* YOUR INSTRUCTIONS *
Since only the words are wanted, reproduce every entry exactly and leave the images behind.
[Opening DATASET RECORDS section]
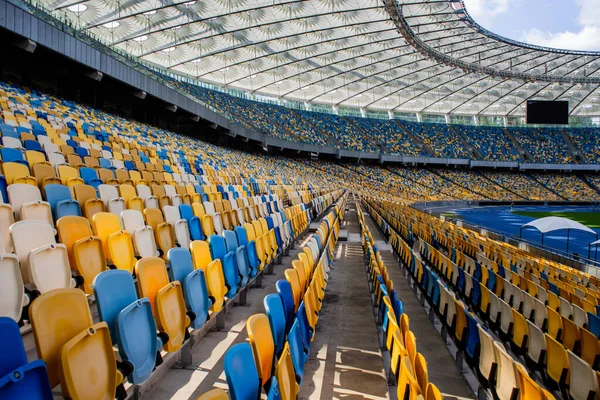 Filas Vacías Asientos Estadio Olímpico Fútbol Con Bancos Amarillos Azules — Foto de Stock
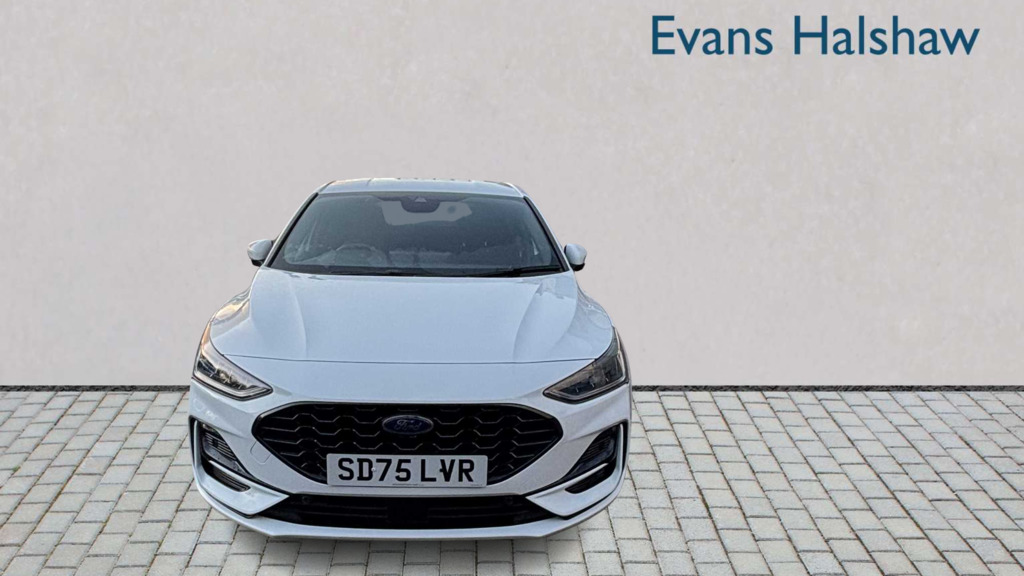Ford Focus 1.0 Ecoboost Hybrid Mhev St-line X 2025 SD75LVR White #3
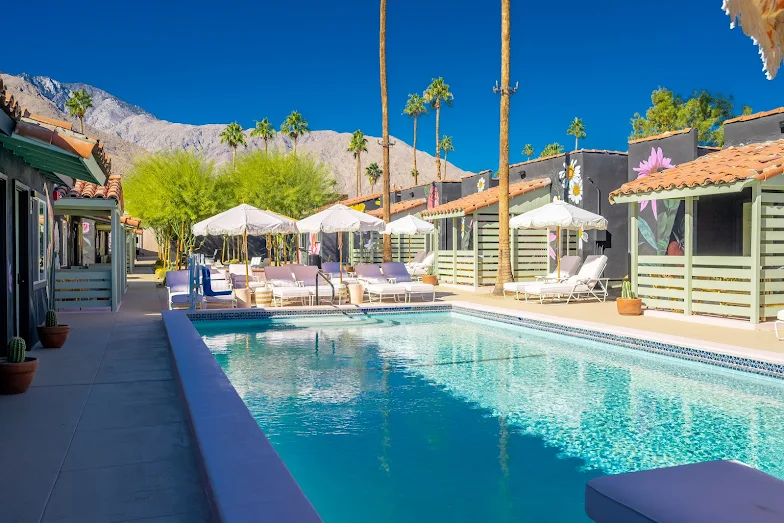 Palm Springs Family Resorts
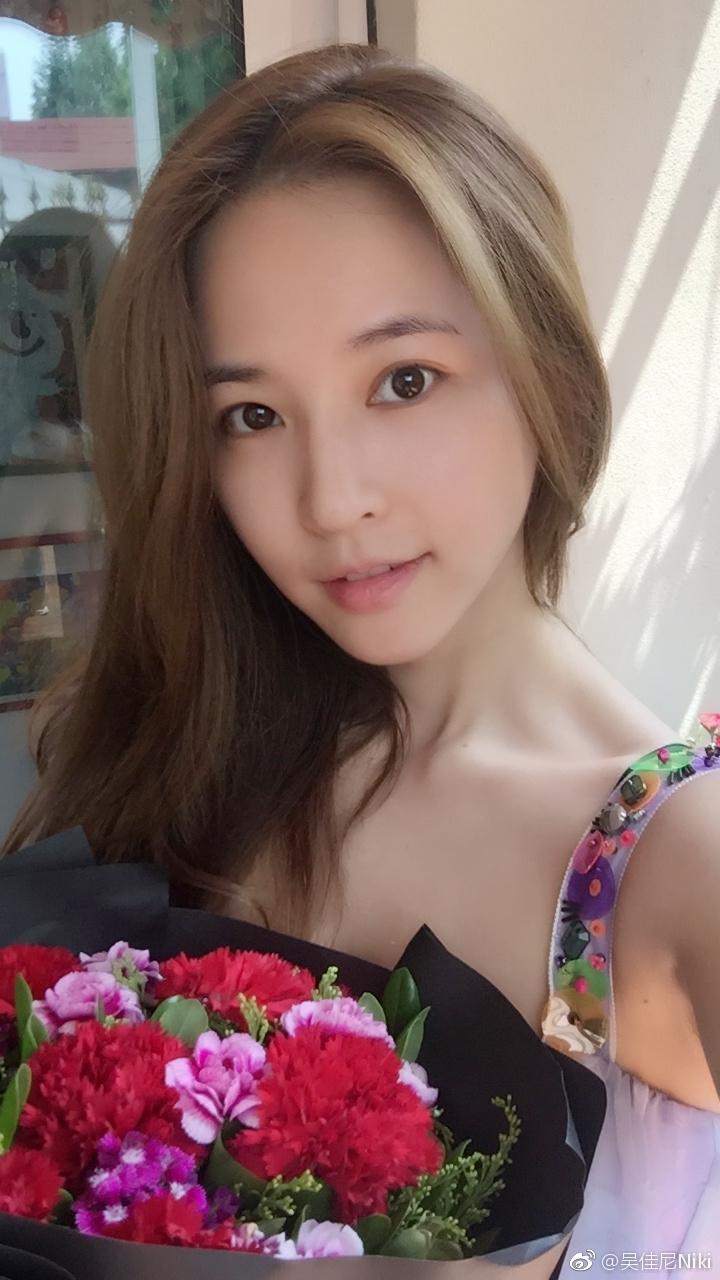吴佳尼表示,我喜欢现在的生活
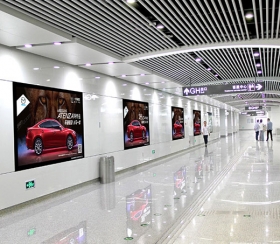 深圳機場高端UV噴繪燈箱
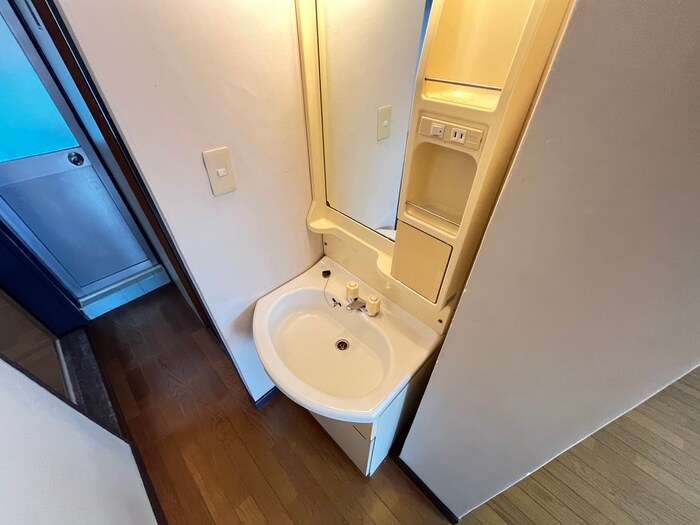 物件内観写真12　(洗面)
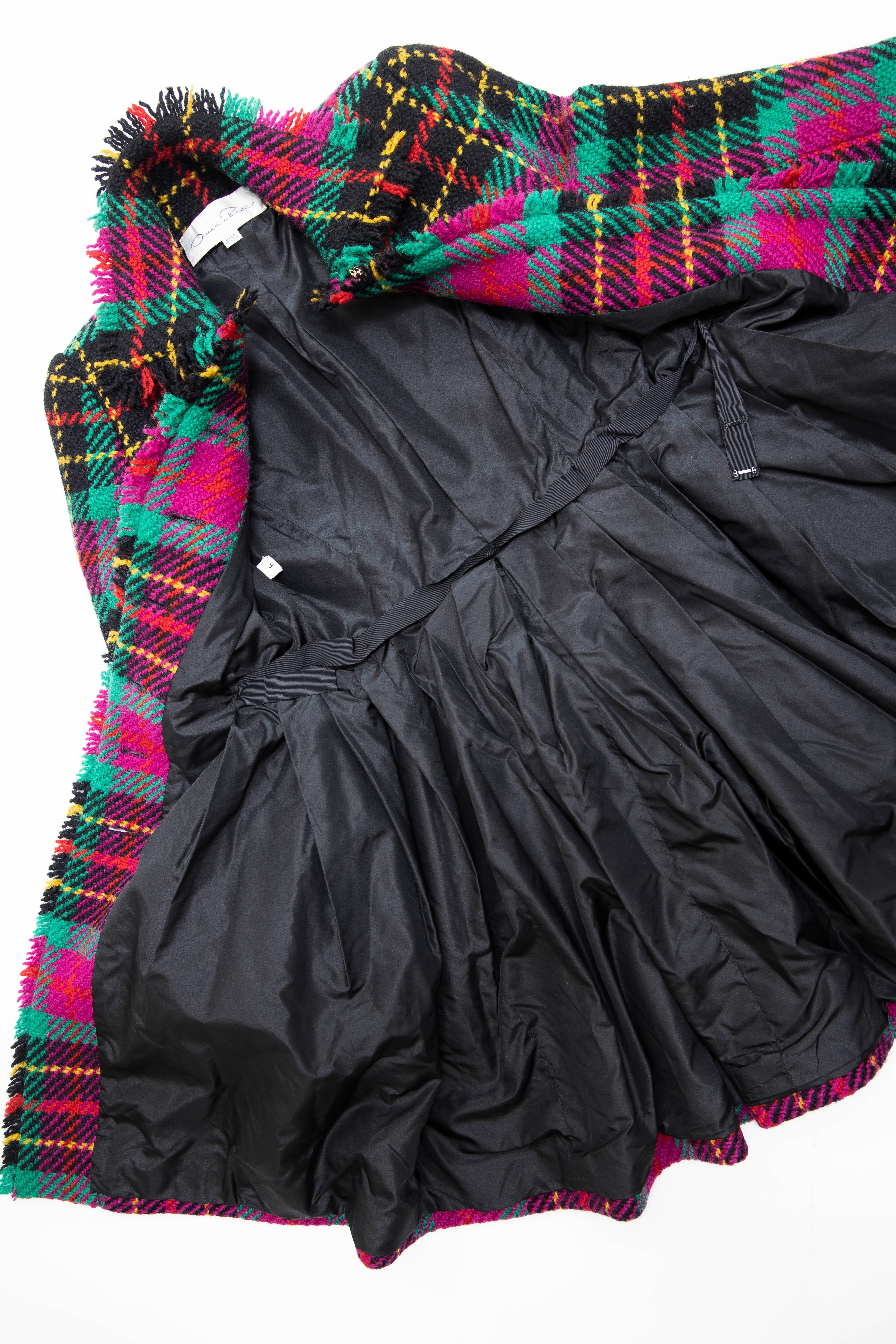 Oscar de La Renta Runway Tartan Plaid Crystal Button Front Coat, Fall 1991 For Sale 11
[Closing DATASET RECORDS section]
* EXERCISE SOLUTION *
 Filas Vacías Asientos Estadio Olímpico Fútbol Con Bancos Amarillos Azules — Foto de Stock
Ford Focus 1.0 Ecoboost Hybrid Mhev St-line X 2025 SD75LVR White #3
 Palm Springs Family Resorts
吴佳尼表示,我喜欢现在的生活
 深圳機場高端UV噴繪燈箱
 物件内観写真12　(洗面)
 Oscar de La Renta Runway Tartan Plaid Crystal Button Front Coat, Fall 1991 For Sale 11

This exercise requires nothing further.